● GIVEN INFORMATION
*** Block opens ***

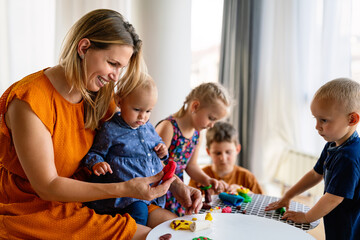 Mother or nursery teacher teaches her children to work with colorful play clay toys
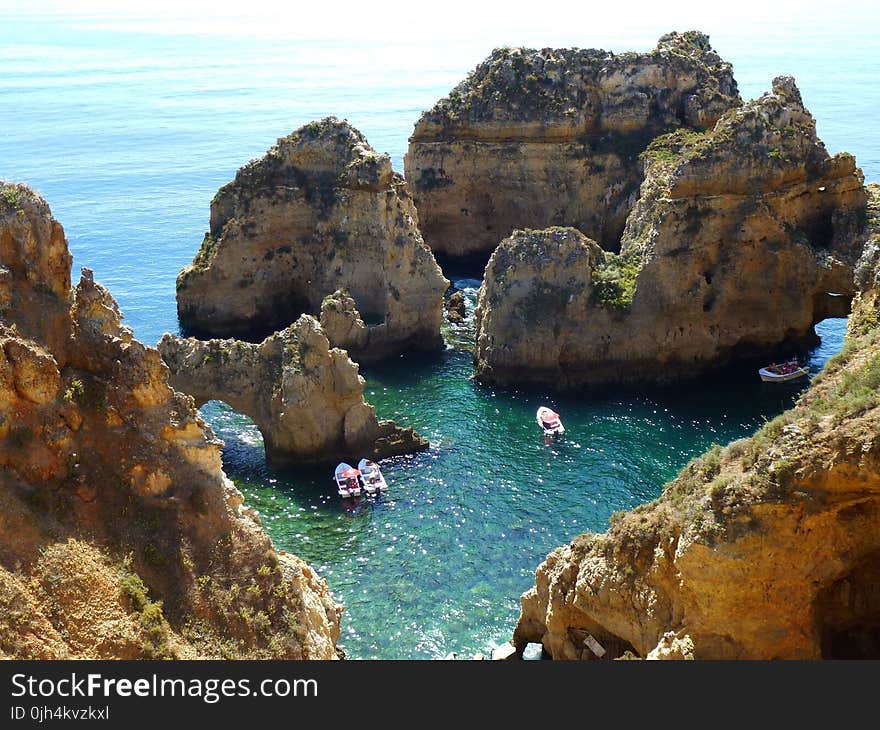 3 White Boats Near a Rock Formation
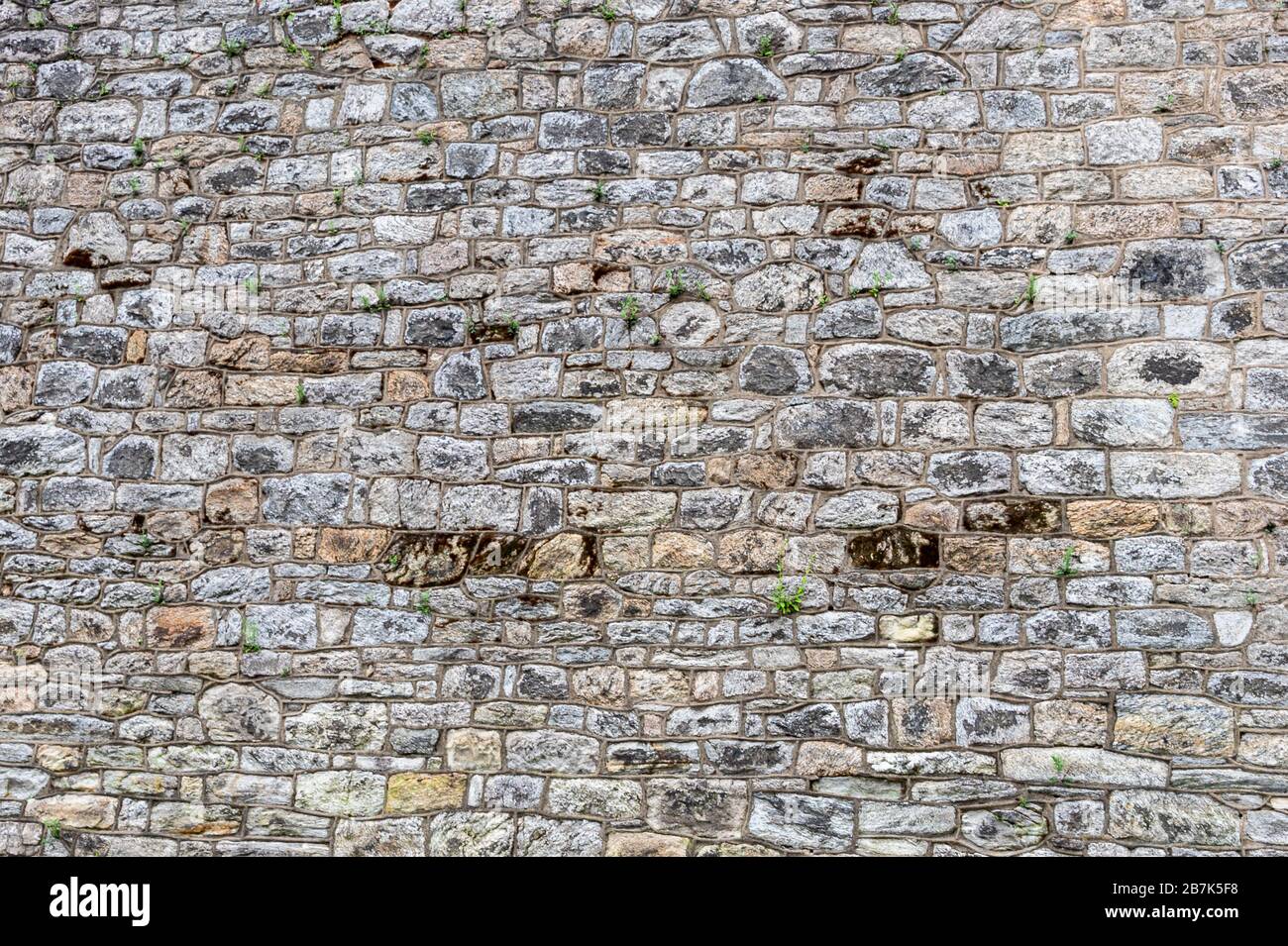 Parete di fondo piatta in pietra, fatta da blocchi di pietra di dimensioni irregolari a Eastern state Penitentiary, Philadelphia, Pennsylvania sfondo, carta da parati Foto Stock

*** Block closes ***

Please return the listing above exactly and leave every picture out.

 Mother or nursery teacher teaches her children to work with colorful play clay toys
 3 White Boats Near a Rock Formation
 Parete di fondo piatta in pietra, fatta da blocchi di pietra di dimensioni irregolari a Eastern state Penitentiary, Philadelphia, Pennsylvania sfondo, carta da parati Foto Stock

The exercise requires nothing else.